Volevo domandarti con che faccia vieni a Modena a insegnare a noi come si fa la cucina emiliana. Ma forse la risposta l'ho trovata nel libro. Deve essere la stessa pulsione di quando da ragazzo andavi a promuovere le serate del Pachito all’interno di un altro locale "(Ci voleva una “faccia grande come il culo” ad andare a proporre serate dentro altre serate, e quella, ringraziando Dio, non mi era mai mancata)"
"Sarò sincero, sono stupito e me lo chiedo anche io come sia potuto succedere che oggi, a una persona di origine marchigiana venga associata l’immagine della cucina bolognese. Non mi permetterei mai di venire a Modena a insegnare come si fa il tortellino, voi avete già Massimo Bottura che sulla comunicazione resta imbattibile ed è il più bel biglietto da visita che l’Italia potesse avere. A Bologna invece credo che sia capitato solo perché erano anni che nessuno ci metteva la faccia e iniziasse a raccontare la cucina bolognese come ho fatto io, la stampa con gli anni non ha fatto altro che accentuare questa cosa ed oggi, ironia della sorte un marchigiano e’ il simbolo della cucina e dell’ospitalità bolognese. Però è vero, la faccia da culo non mi è mai mancata".
Ultima domanda. La cucina emiliana ok, e la cucina romagnola? Quella degli alberghi delle famiglie, delle piadine sulla ciclabile, del fritto misto a ogni ora che segna da sempre le estati degli italiani?

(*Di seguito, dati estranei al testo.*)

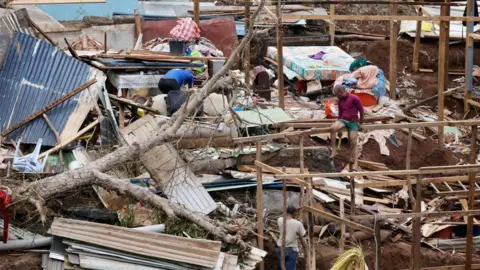 Getty Images Two people survey the damage at a shanty town in Mayotte. A fallen tree and sheets of metal strewn over a hill with damaged wooden frames 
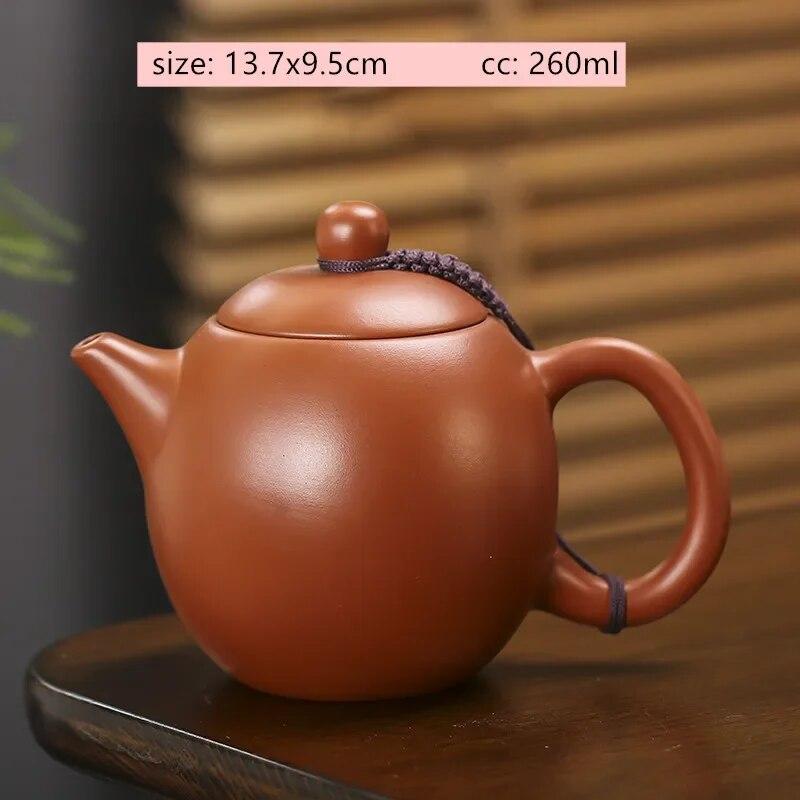 Starožitná fialová hliněná čajová konvička Surová ruda Zhu Mud Konvička Xishi Ručně vyráběná kulová dírka Filtr Beauty Pot Tradiční čajové sady Zisha
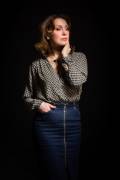 Low key fashion portrait of elegant woman over black background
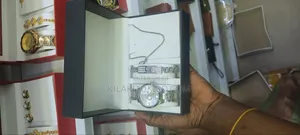 Calvin Klein 5 in 1-Watch,Bracelet, Necklace, Ring, Ear Ring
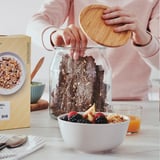 Placing bamboo lid on jar of bread. Table has fruit, oj, ikea box, spoon.
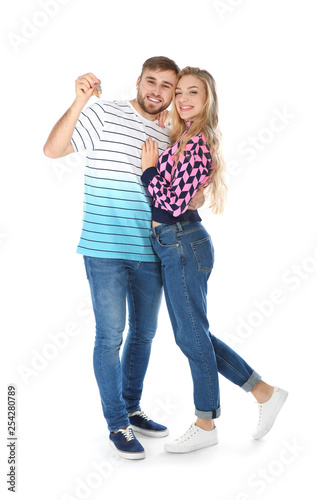 Happy young couple with house key on white background
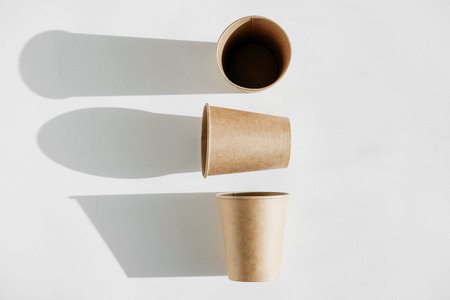 Three disposable paper cup with shadow from light on a white background. Top view. Copy, empty space...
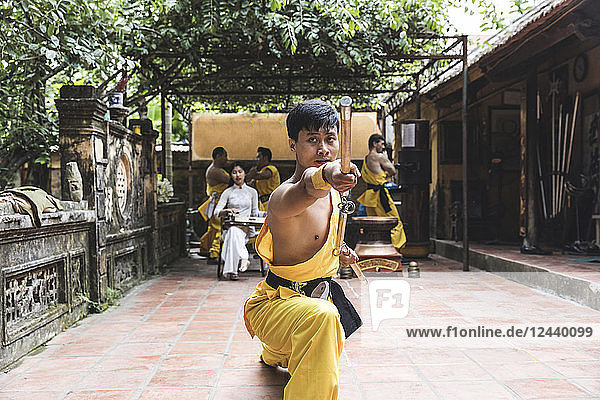 Vietnam  Hanoi  young man exercising Kung Fu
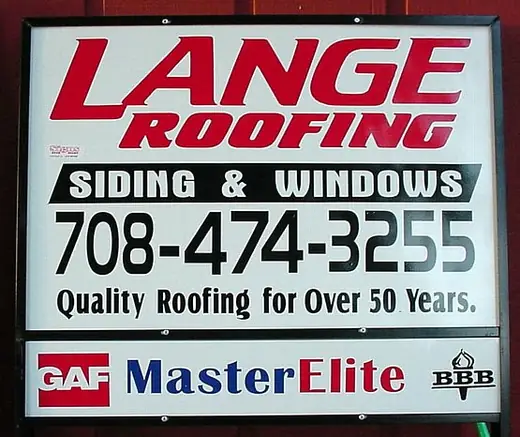 Red and white roofing and siding contractor sign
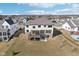 Beautiful aerial view of home with mature landscaping, neutral paint, and back yard deck at 15969 Sonnet Park Ln, Westfield, IN 46074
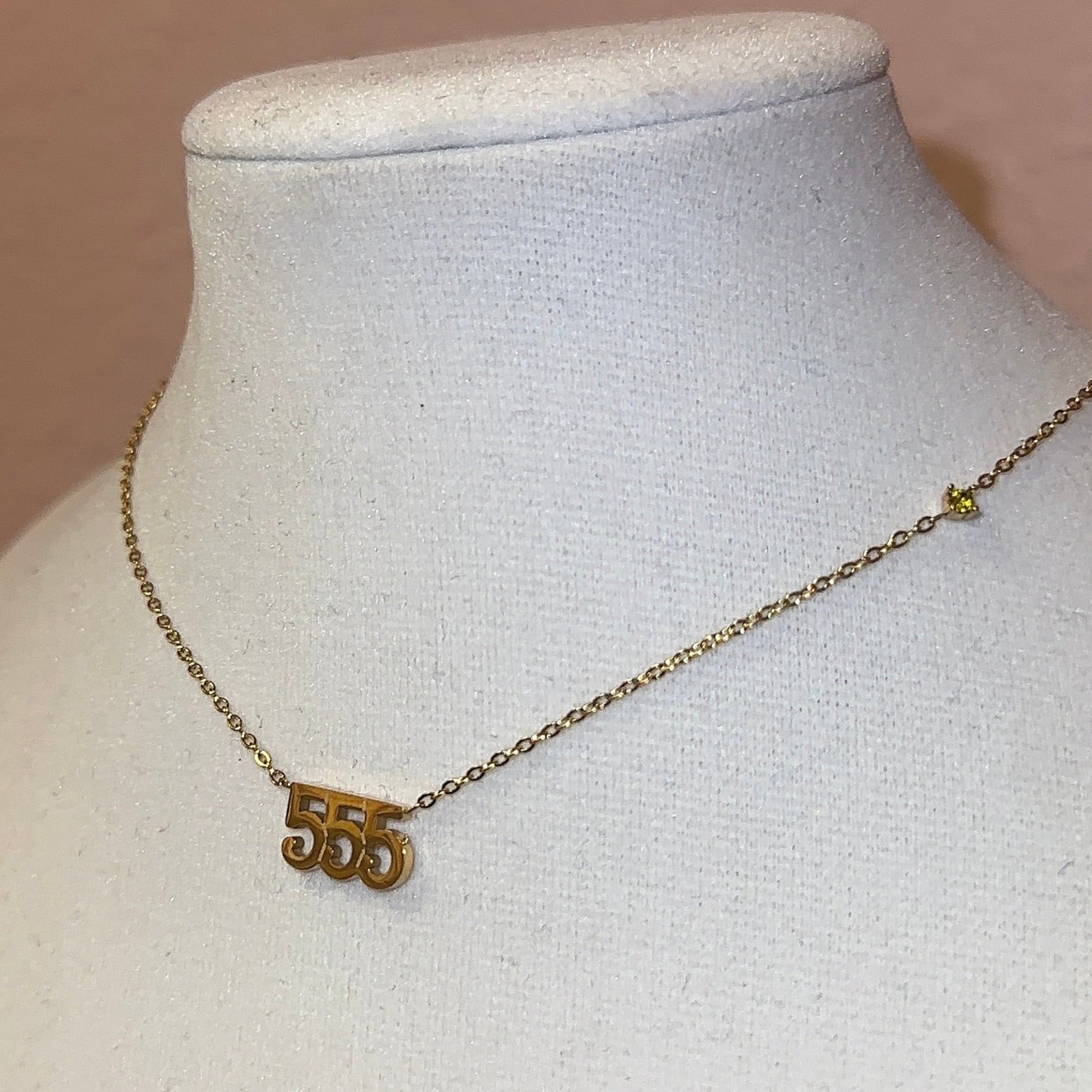 Gold necklace with a pendant on a mannequin bust against a pink frame background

"La cucina romagnola non ha avuto lo stesso successo mediatico di quella emiliana, sulla Romagna ho proprio un progetto in ballo sulla città di Ravenna, dove ho intenzione di rilanciare non solo la cucina romagnola ma un po’ anche una città che secondo me ha tanto da proporre ma che spesso nessuno cita, e trovo un vero peccato. Ci sono piatti che oggi sono stati dimenticati come i passatelli in brodo di Paganelli, il brodetto alla Porto Corsinese, i cappelletti con il raviggiolo, la spoja lorda e altri piatti che però non sono diventati così iconici come per i piatti emiliani e tutto questo perché forse gli stessi osti romagnoli non ci hanno messo a sufficienza la faccia a raccontarli e proporli facendo una scelta commerciale più facile fatta di grigliate di carne, fritto misto e verdure alla griglia. Ma la Romagna a tavola e’ molto altro, basta dargli il giusto risalto e dignità che si merita ed io non vedo l’ora di affrontare anche questo nuovo progetto".